Is Your Profit Being Held Hostage?

By Tim Belcher

Tim Belcher

In the world of negotiation, there may be no more highly skilled practitioners than the negotiators of the FBI Crisis Negotiation Unit. This elite team is part of the FBI Critical Incident Response Group and may be the most famous and skilled negotiation team in the world. This team is on call 24 hours a day, 7 days a week to provide operational response capability and conduct and manage on site negotiations during any significant crisis event worldwide in which the FBI is involved.

We have all heard stories and seen depictions of FBI negotiators in the movies. However in their real world situations the stakes are of the highest gravity and lives are at stake; it truly is a matter of life and death.

In his book, Never Split the Difference, former FBI hostage negotiator Chris Voss outlines the strategies the FBI uses in negotiations and how everyday business people can use a more insightful negotiation approach to win in business.

As I correlated the information in Voss’s book to the HVAC business, it crossed my mind that the HVAC contracting community may be in the midst of a hostage situation of their own…their profitability is being held hostage.

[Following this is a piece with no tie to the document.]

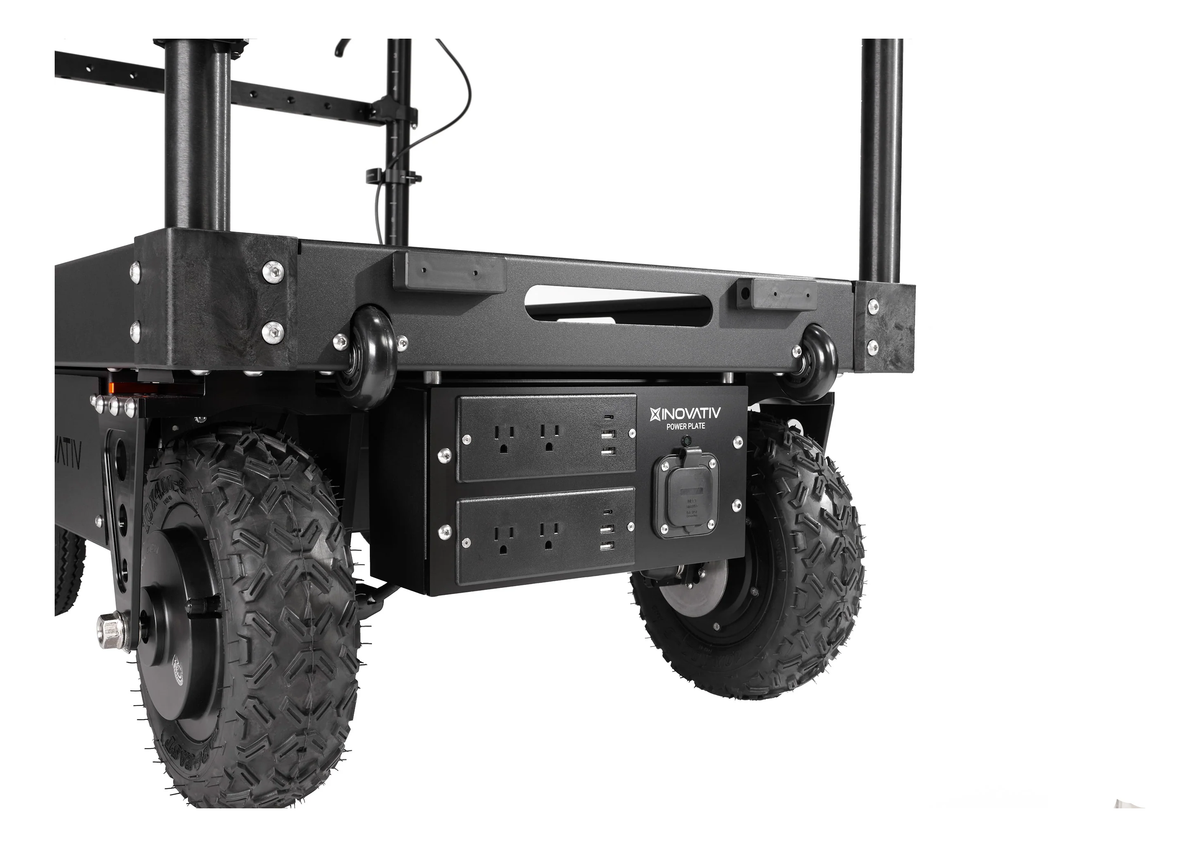 Inovativ Motorized Upgrade for Apollo Workstations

While certainly not literal life and death, profitability is the lifeblood of a business and I think it is being arbitrarily sacrificed without much of a fight.

FBI negotiators will never give in on a demand or request that puts the lives of the hostages at risk. In the same light, I would encourage contractors to draw a line in the sand when it comes to giving away profit…your profit margins should be non-negotiable. The HVAC industry seems to be lagging behind other home improvement industries when it comes to profitability. We can make a compelling argument that the technical aptitude and skill level required to make HVAC work correctly is superior to these other industries that outperform us in profitability. The average HVAC contracting company profitability is between 2% and 5%, depending on what research you reference. With this in mind, isn’t it time we stop making price concessions for the sake of “being competitive”?

For many contractors, their profit is being held hostage by a lingering myth that to win projects you must lower your price. Your price is your price and should not be lowered without lowering the value a consistent level. When price is lowered without removing value, profit is taking a direct hit and unfortunately many contractors fall into this trap.

You don’t have to be a FBI hostage negotiator to hold your price. In fact, I would encourage you to explore how you can add more value to your customer’s experience in order to increase your margins.

Don’t allow your profit to be held hostage by a false myth that you must lower your prices every time you are in a “competitive situation.”